The Château de Bélarga is a château constructed in the 17th century located on the left bank of the Hérault River in the commune of Bélarga in the Hérault département of France. Part of the building is from an earlier castle dating from the 14th and 15th centuries.

== History ==
A castle was recorded in Bélarga before 1281, in a document concerning the construction of a village. An enceinte commanded by this fortress was built at the end of the 13th century or the beginning of the 14th century. The building dominated a ford over the Hérault which was subject to a toll.

The area belonged to the Guilhem family, powerful lords of Clermont-Lodève (today Clermont-l'Hérault). Berenger IV of Guilhem was described as lord of the castrum de Belesgario in 1310. His successor, Pierre de Clermont, is infamous for having committed in Bélarga a crime against the person of a young woman from Puilacher, for which he was condemned in 1310 by the sénéchal of Carcassonne; the sentence was confirmed by the Parlement of Paris on 29 January 1311 (see below). One result was the confiscation of the seigneurie of Bélarga.

In the 17th century, the castle belonged to the Mirmans, a family of the Nobles of the Robe which included numerous magistrates in the sovereign courts of Languedoc.
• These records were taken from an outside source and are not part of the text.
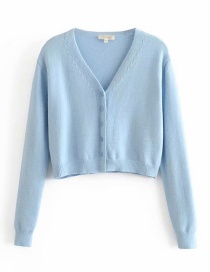 Fashion Light Blue Knit V-neck Single-breasted Sweater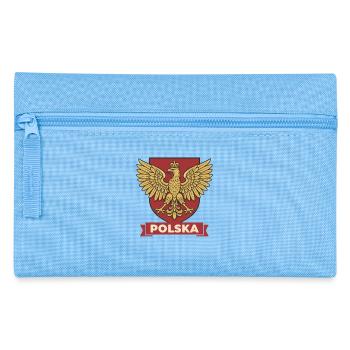 Polska Golden Eagle Wappen auf rotem Schild - Federtasche - Hellblau - Vorne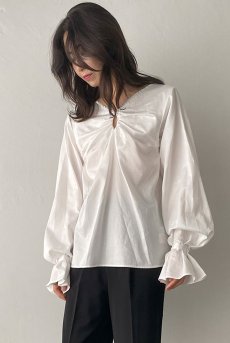 画像3: Desir Front gathers Blouse WH |トップス・ブラウス・ホワイト・コットン | Lilose リローズ【サイズ交換NG】   日本製   (3)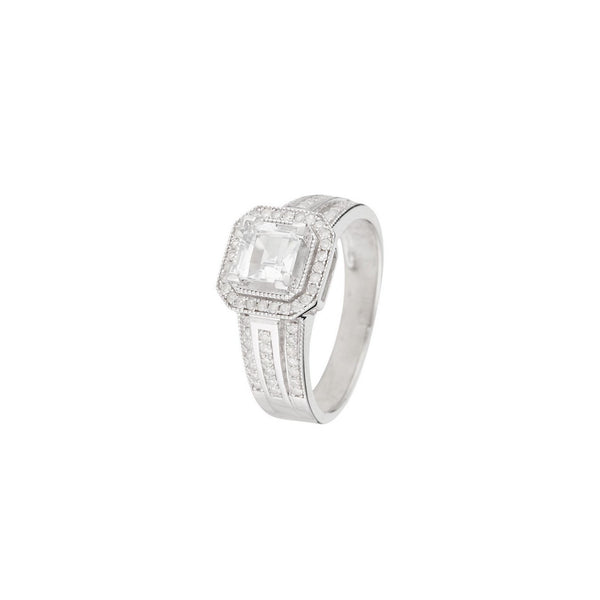 Bague "Remban" D 0,32/68 White Topaze 1,41/1 - Or Blanc 375/1000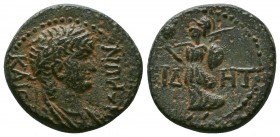 PAMPHYLIA. Side. Nero, 54-68.AE Bronze. NEPωN KAICAP Laureate head of Nero to right / CIΔHT Athena advancing left, holding shield with her left hand a...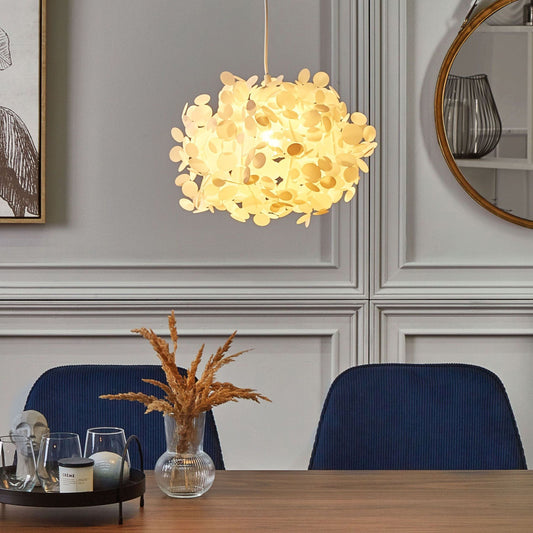 Pendant Lamp White Irregular Flower-Shaped Shade Casts Warm Dimmed Light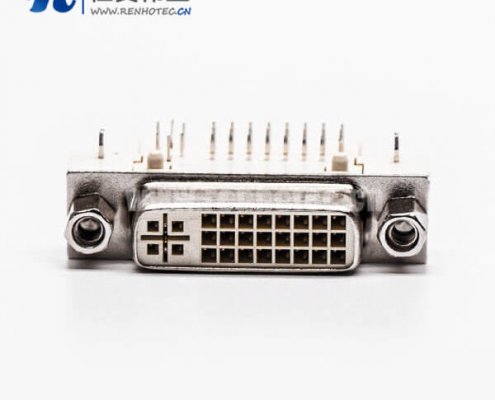 接插件dvi24+5弯头带螺母插板母头带鱼叉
In 1654, the knight François de Mirman, conseiller du roi and intendant des gabelles, had the titles of "baron de Florac, seigneur de Bélarga, etc.".

The Mirmans gave the building its current appearance, embellishing it "in the rustic taste fashionable in the 17th century in Montpellier".

== Description ==
The north wing of the present building probably dates from the 14th century, altered in the 15th. North of this, a new château was built in the 17th century.

== Ownership ==
The Château de Bélarga is private property, inhabited by its owners. It was the object of a study for the cultural heritage inventory by the French Ministry of Culture in 1976.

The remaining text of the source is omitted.